Task to complete: Set down the first line below and each line after it, ending with the one that holds "Exxon CEO Darren". Pictures do not belong in the copy.

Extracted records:
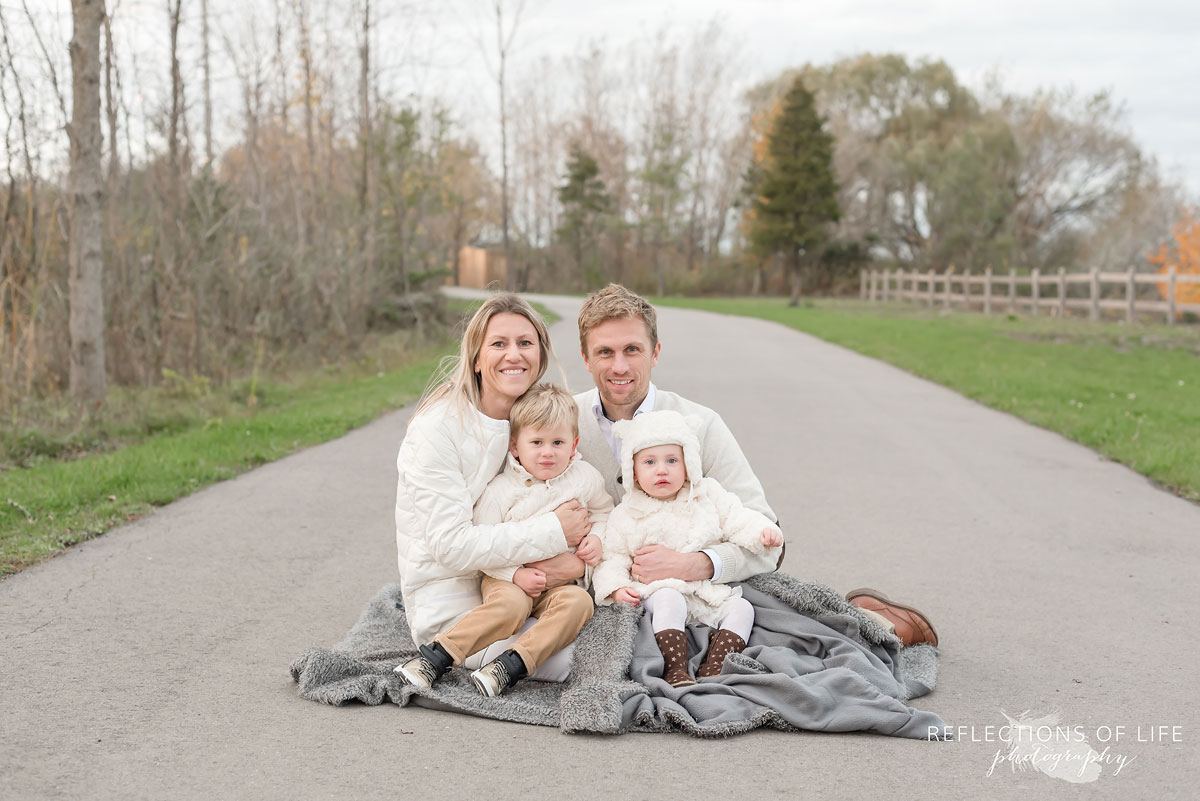 Colour photo of family huddled together for warmth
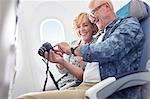 Mature couple looking at photos on digital camera on airplane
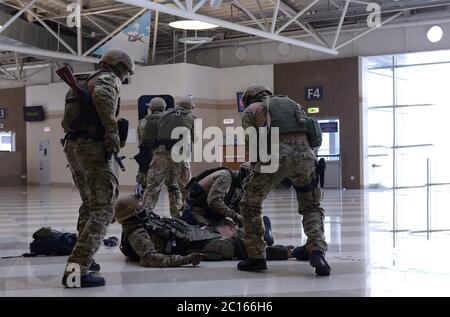 Formation de la police. Soldat de KORD, force de police de grève, SWAT, donnant les premiers soins à son compagnon blessé, d'autres ont pris position Banque D'Images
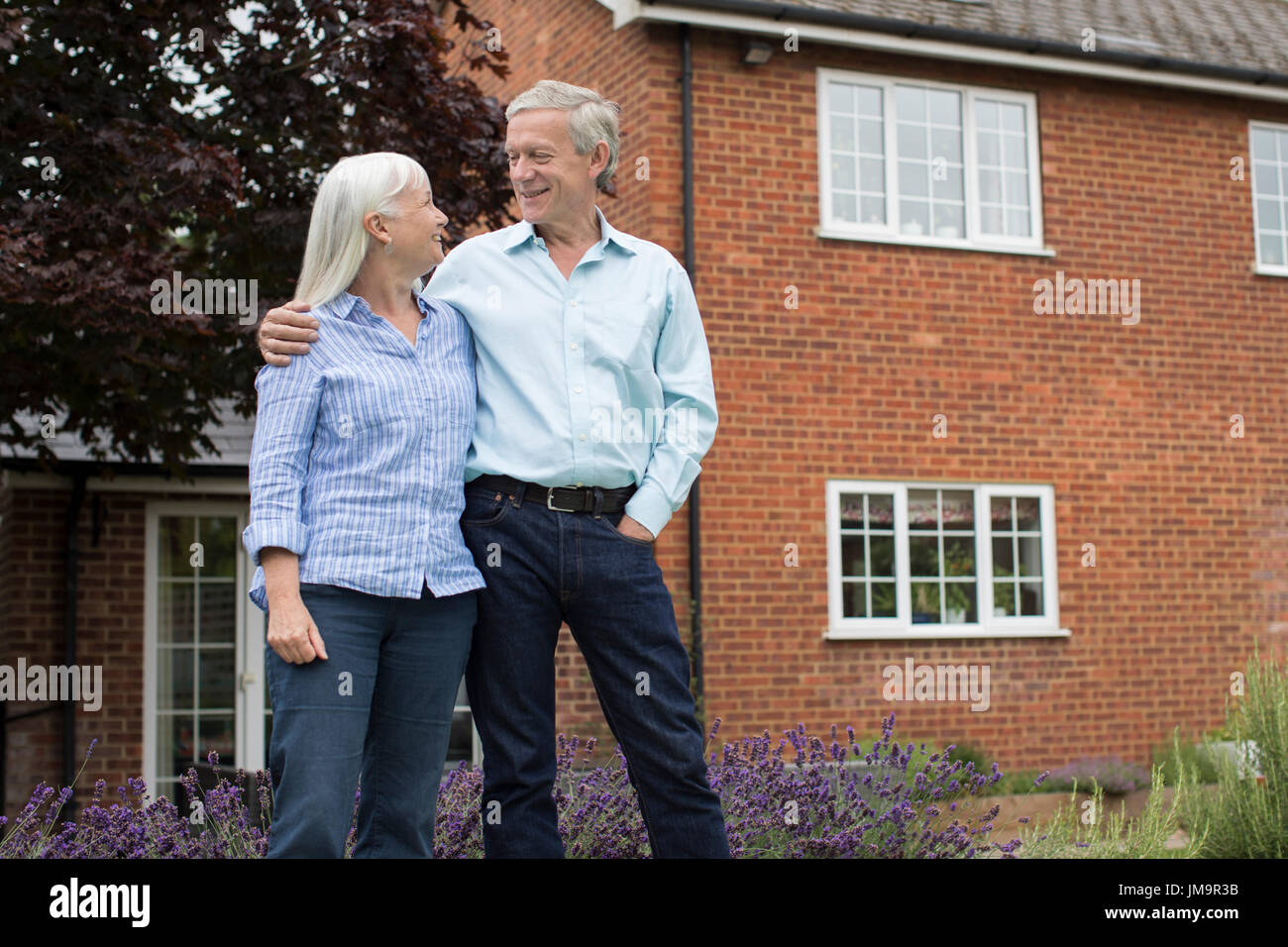 Standing outside home hires stock photography and images Alamy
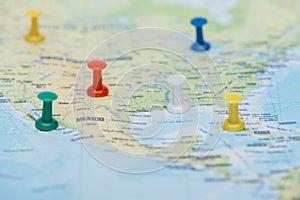 Close up view of colorful push pins on world map.
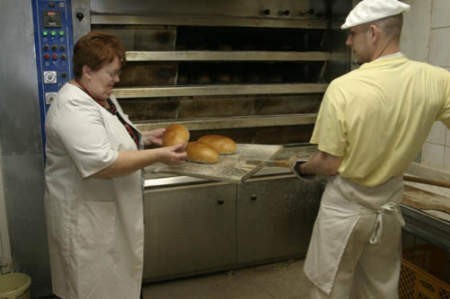 Teresa Gryc i Adam Golba sprawdzają, czy chleby są upieczone.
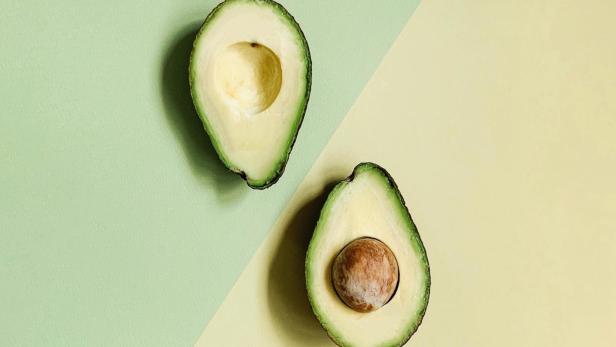 Zwei halbe Avocados liegen auf einem zweifarbigen Hintergrund.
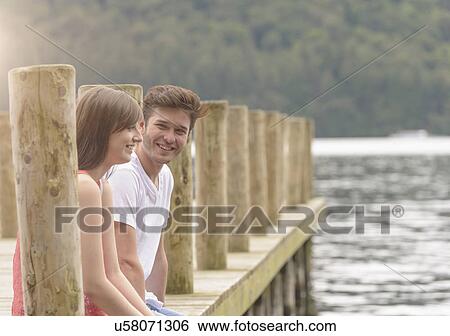 Young couple laughing together on jetty over lake View Large Photo Image Stock Photograph - Young couple laughing together on jetty over lake. Fotosearch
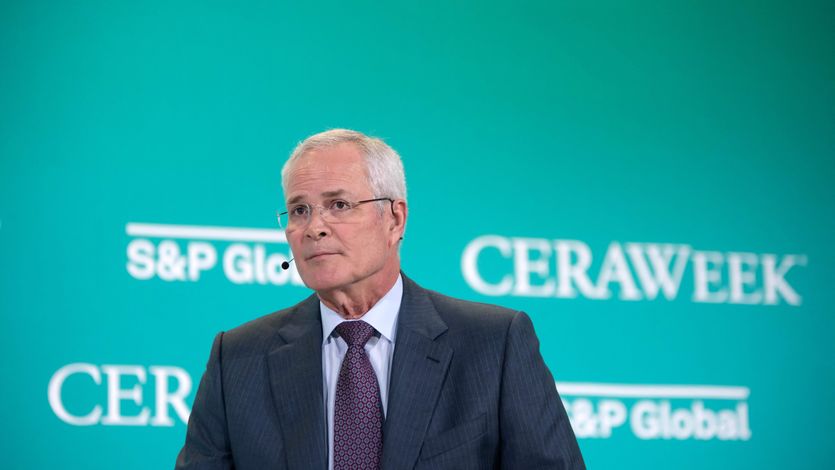 Exxon CEO Darren Woods speaks at an international energy conference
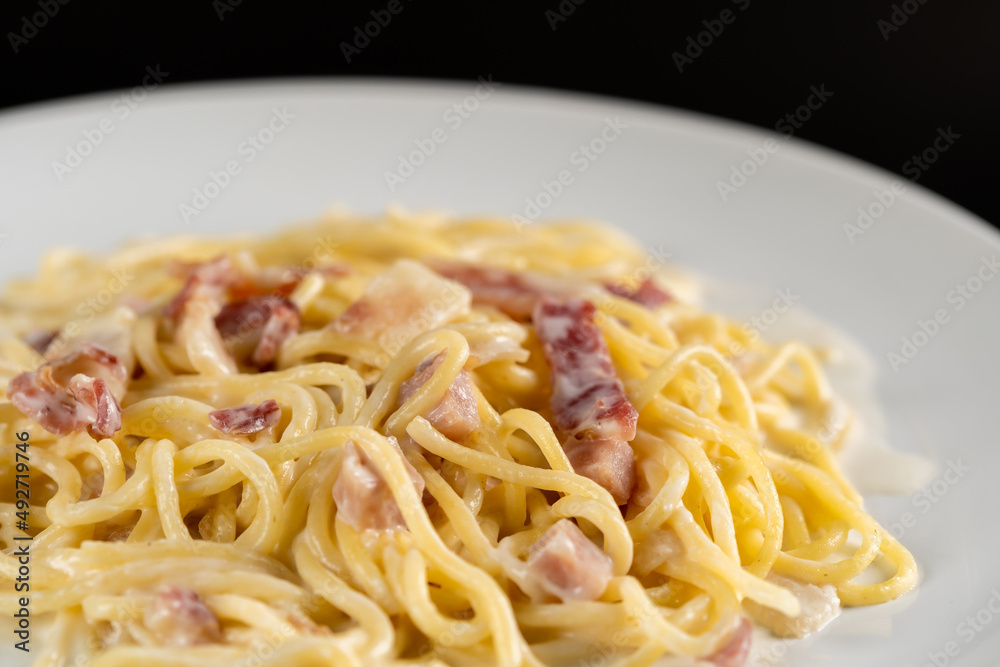 carbonara spaghetti with cream in white plate on balck backgroud carbonara spaghetti with cream in white plate on balck backgroud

Result for this exercise:
 Colour photo of family huddled together for warmth
 Mature couple looking at photos on digital camera on airplane
 Formation de la police. Soldat de KORD, force de police de grève, SWAT, donnant les premiers soins à son compagnon blessé, d'autres ont pris position Banque D'Images
 Standing outside home hires stock photography and images Alamy
 Close up view of colorful push pins on world map.
 Teresa Gryc i Adam Golba sprawdzają, czy chleby są upieczone.
 Zwei halbe Avocados liegen auf einem zweifarbigen Hintergrund.
 Young couple laughing together on jetty over lake View Large Photo Image Stock Photograph - Young couple laughing together on jetty over lake. Fotosearch
 Exxon CEO Darren Woods speaks at an international energy conference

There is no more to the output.